Tonight, I watched the play "Jane Eyre" with Juliet and Ana at Valley Performing Arts! We had such a fun time, just chatting and being together:
Ana, Juliet, and me |
But simultaneously, Ruth, I so desperately want you to grow into the woman the Lord wants you to be... and I know you can't do that while remaining in the womb. I want you to laugh and dance and really LIVE, experiencing the joy (and the pain) that come along with it.

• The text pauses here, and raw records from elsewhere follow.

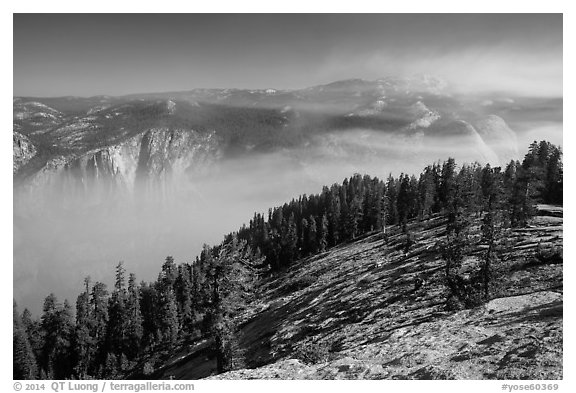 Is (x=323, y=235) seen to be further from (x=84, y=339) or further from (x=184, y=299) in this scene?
(x=84, y=339)

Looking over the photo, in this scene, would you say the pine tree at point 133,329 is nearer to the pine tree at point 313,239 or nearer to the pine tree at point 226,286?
the pine tree at point 313,239

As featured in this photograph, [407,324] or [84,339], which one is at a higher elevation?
[407,324]

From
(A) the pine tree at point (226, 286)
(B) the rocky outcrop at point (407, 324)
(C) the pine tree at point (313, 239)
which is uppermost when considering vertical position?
(A) the pine tree at point (226, 286)

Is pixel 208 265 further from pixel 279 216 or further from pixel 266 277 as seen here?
pixel 279 216

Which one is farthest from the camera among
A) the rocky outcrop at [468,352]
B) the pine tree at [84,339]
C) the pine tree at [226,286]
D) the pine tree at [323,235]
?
the pine tree at [323,235]

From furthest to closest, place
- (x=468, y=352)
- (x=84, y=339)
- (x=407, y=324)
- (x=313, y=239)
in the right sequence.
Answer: (x=313, y=239) → (x=84, y=339) → (x=407, y=324) → (x=468, y=352)

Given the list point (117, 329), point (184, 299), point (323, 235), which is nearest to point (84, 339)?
point (117, 329)

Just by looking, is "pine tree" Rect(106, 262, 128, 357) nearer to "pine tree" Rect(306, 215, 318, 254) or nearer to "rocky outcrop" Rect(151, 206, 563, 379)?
"rocky outcrop" Rect(151, 206, 563, 379)

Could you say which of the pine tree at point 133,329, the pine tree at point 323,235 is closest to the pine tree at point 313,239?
the pine tree at point 323,235

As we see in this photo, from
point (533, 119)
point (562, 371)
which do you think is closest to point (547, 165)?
point (533, 119)

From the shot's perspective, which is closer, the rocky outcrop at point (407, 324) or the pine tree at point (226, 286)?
the rocky outcrop at point (407, 324)

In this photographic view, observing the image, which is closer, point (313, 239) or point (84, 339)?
point (84, 339)

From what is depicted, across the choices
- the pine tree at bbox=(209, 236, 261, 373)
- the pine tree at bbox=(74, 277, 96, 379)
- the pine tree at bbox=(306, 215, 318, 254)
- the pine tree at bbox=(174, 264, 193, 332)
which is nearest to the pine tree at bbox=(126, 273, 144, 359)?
the pine tree at bbox=(74, 277, 96, 379)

It kind of reminds me of when I was in India a couple years ago (or, like 6 years ago!). One day, we went to a small "mountain" near a village and climbed to the top with some locals. There was a rock about halfway up and I, along with a couple other girls, climbed the rock. The view from the top was amazing. We could see the whole valley below us. But then the guys called to us, telling us that there was another rock a little further up that we should all climb. To be honest, Ruth, I didn't want to - I was content and comfortable with the view I had there. But I remember thinking, "What if the view is even better at the other rock? Will I settle for this one when the other one could be great?" So I climbed down, walked up the mountain, and scampered up the other rock. And baby girl - the view was so much better. We were way above the trees, above everything, and could see for miles:
Taking it in. |
I just remember the Lord whispering to my heart - "Don't settle for the lower rock." And I'm so glad I didn't.

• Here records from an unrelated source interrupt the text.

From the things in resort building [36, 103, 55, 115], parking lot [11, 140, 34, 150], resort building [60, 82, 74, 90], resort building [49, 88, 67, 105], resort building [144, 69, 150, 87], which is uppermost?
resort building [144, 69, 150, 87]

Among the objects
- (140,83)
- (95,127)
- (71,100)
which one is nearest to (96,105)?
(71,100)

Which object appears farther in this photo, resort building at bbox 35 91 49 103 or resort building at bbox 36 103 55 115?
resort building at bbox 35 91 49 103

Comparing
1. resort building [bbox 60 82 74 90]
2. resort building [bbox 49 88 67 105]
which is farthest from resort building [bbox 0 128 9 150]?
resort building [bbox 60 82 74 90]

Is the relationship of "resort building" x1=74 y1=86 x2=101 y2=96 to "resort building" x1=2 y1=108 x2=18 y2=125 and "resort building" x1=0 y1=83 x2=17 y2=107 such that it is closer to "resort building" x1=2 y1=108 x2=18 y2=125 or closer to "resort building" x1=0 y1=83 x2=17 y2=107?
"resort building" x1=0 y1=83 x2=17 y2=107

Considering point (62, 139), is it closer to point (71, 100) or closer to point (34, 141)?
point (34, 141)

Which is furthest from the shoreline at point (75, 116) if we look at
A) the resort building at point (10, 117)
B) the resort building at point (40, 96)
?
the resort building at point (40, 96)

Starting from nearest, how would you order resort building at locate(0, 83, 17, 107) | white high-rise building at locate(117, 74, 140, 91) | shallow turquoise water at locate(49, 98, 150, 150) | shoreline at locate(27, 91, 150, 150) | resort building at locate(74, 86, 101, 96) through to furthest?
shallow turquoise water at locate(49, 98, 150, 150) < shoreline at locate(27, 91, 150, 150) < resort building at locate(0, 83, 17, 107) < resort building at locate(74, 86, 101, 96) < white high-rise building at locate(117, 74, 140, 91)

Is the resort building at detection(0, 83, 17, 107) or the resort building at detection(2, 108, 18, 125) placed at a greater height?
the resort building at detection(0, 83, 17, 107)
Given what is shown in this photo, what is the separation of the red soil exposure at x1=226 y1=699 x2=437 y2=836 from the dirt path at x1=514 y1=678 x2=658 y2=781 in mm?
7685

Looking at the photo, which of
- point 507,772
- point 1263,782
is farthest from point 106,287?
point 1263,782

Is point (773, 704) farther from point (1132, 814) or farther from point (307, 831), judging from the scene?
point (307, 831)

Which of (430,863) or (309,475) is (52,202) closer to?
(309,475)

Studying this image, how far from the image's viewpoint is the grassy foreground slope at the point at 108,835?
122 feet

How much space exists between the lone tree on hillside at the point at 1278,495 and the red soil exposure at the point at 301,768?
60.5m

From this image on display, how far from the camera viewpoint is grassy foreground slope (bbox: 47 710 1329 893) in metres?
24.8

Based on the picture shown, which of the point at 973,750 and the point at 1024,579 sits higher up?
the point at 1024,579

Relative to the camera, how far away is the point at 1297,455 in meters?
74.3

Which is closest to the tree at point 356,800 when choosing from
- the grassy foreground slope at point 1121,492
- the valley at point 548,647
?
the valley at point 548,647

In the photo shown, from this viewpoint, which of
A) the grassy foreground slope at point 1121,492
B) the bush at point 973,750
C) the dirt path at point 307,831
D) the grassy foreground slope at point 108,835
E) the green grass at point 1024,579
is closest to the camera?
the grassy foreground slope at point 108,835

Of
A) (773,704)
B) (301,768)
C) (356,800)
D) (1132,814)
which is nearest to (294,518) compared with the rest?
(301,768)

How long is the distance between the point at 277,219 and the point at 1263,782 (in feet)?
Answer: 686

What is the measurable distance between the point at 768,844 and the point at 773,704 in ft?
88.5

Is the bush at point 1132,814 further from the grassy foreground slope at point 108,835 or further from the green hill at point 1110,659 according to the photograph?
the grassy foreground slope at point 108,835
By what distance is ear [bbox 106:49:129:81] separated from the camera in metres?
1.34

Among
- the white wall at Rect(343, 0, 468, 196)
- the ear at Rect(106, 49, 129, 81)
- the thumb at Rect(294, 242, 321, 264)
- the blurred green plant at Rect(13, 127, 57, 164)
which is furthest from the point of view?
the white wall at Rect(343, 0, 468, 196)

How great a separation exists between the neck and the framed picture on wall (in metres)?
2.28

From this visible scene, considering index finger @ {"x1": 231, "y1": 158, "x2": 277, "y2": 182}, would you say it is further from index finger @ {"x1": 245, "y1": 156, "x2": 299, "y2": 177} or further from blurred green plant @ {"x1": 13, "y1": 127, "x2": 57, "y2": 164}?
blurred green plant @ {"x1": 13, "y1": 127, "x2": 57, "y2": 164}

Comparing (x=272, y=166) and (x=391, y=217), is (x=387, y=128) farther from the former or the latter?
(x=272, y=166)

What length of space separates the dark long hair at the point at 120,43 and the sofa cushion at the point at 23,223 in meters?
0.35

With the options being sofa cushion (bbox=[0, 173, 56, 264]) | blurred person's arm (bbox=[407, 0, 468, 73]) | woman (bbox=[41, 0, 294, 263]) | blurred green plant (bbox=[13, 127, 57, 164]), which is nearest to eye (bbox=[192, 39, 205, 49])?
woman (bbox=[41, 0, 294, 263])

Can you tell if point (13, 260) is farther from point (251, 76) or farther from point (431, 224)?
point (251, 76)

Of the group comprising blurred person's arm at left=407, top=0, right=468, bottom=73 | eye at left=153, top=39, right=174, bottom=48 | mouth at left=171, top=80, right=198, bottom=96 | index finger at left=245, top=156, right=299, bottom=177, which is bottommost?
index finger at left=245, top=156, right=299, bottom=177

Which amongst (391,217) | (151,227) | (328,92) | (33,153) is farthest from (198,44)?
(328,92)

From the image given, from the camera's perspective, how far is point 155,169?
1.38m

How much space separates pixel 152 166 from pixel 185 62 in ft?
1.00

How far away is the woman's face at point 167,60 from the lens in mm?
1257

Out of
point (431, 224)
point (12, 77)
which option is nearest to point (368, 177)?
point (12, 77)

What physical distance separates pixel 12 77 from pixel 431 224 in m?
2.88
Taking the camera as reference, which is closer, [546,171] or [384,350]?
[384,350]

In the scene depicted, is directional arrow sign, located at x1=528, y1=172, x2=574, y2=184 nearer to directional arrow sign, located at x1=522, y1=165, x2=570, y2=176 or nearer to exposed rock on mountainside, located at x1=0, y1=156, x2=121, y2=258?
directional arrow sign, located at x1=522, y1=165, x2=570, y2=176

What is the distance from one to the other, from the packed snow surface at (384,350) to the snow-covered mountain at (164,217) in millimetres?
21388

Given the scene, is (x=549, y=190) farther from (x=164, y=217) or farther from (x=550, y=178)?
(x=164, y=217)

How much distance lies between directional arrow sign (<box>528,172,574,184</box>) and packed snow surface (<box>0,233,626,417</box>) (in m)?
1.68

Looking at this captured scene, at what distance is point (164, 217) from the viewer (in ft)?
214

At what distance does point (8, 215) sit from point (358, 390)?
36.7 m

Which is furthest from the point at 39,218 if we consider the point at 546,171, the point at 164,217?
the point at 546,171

I hope you never settle for the lower rock, dear daughter. Whether that means auditioning for a play instead of sitting in the audience, swinging for a home run instead of bunting, or following the Lord to other countries instead of spending your summers at home, I hope you always strive for the higher rock. I hope you always follow the Lord to that rock.
And in those hard moments, remember Psalm 61:2 - "From the ends of the earth I call to you, I call as my heart grows faint; lead me to the Rock that is higher than I."